そのため、借地権者は、借地権設定者である地主から許可が得られない場合には、許可をせよという実体的な請求権もない以上、本来であればどうしようもないという状況になります。そのような場合に、裁判所が関与して、一種行政的な裁量で借地利用の適正化を実現しようとして設けられたのが前述の規定であり、当該規定に基づく手続きを借地非訟と言います。

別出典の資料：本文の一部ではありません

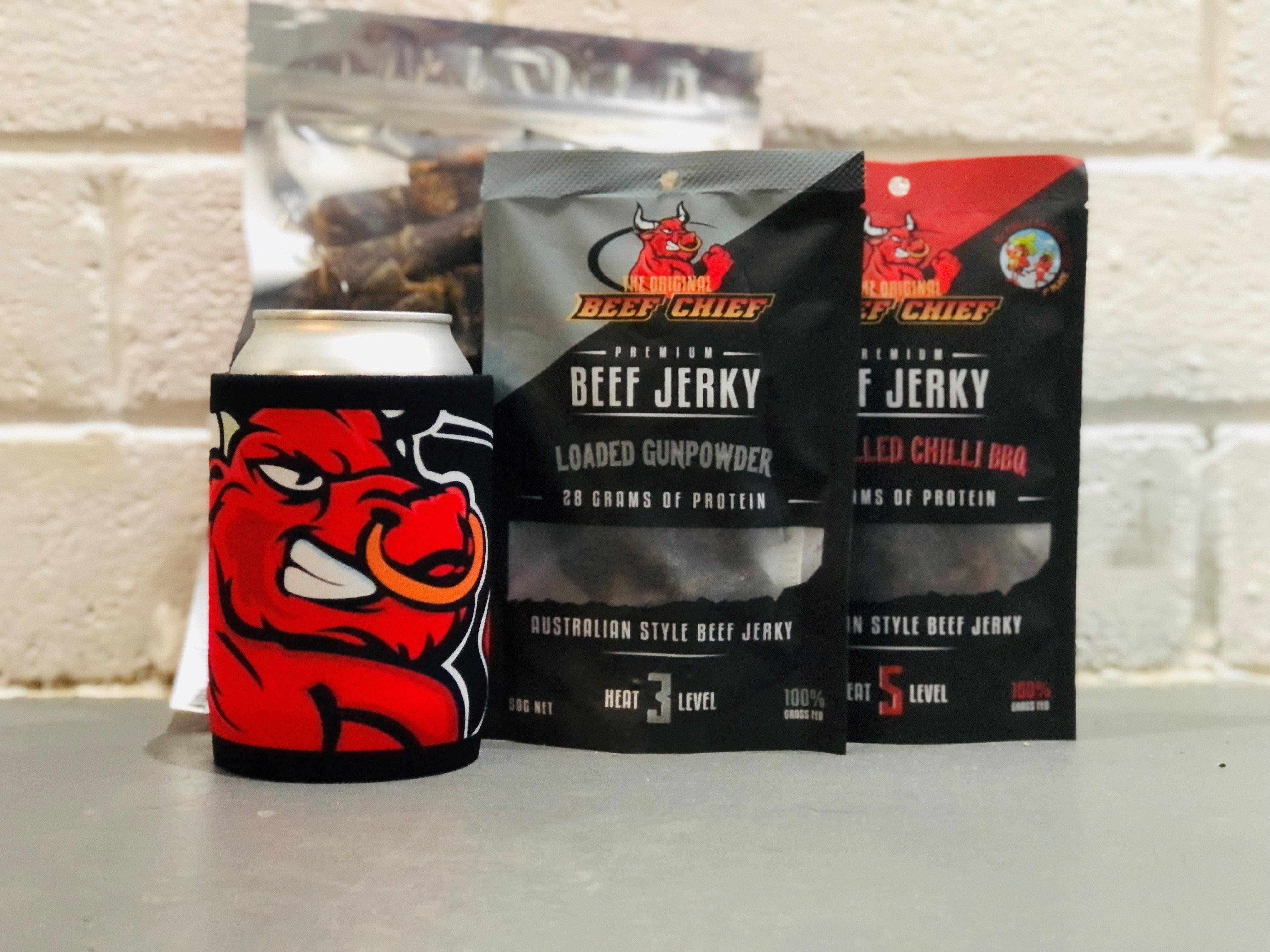 SMOKEY CHILLI SNACK PACK beef jerky - Original Beef Chief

すなわち、借地権者としては、最終的には裁判所において借地非訟を行うことで、建替えの目的を果たそうとするのですが、この借地非訟という手続きにおいては、許可をされない例が極めて少ない状況が続いています。許可がされなかったものとしては、当初の契約目的とは全く異なる建物への建替えを求めた事例や、近い時期に建物が朽廃に至ると判断された事例、契約残存期間が1年を切っており契約更新が認められない可能性が十分にあったといった事例がありますが、これらの事例からしても、よほどの事情がない限りは建替えが認められることがわかります。
以上からすれば、借地権設定者である地主の立場からすれば、原則として最終的には建替えが認められることになるという認識を持たなければなりません。
借地非訟において付随的裁判(借地借家法17条3項、借地法8条の2第3項)と呼ばれる手続きが存在し、具体的には財産上の給付の決定、すなわち承諾料の価格を決めたり、あるいは賃料の増額を認めたりすることがあります。
そして、借地非訟における承諾料の相場は土地の価格の3から5パーセント程度です。そのため、地主側が建替えを求められた場合には、借地非訟になった
場合も見据えて、相場よりもできる限り承諾料を多く、また賃料を増額する交渉を行っていくべきものと考えられます。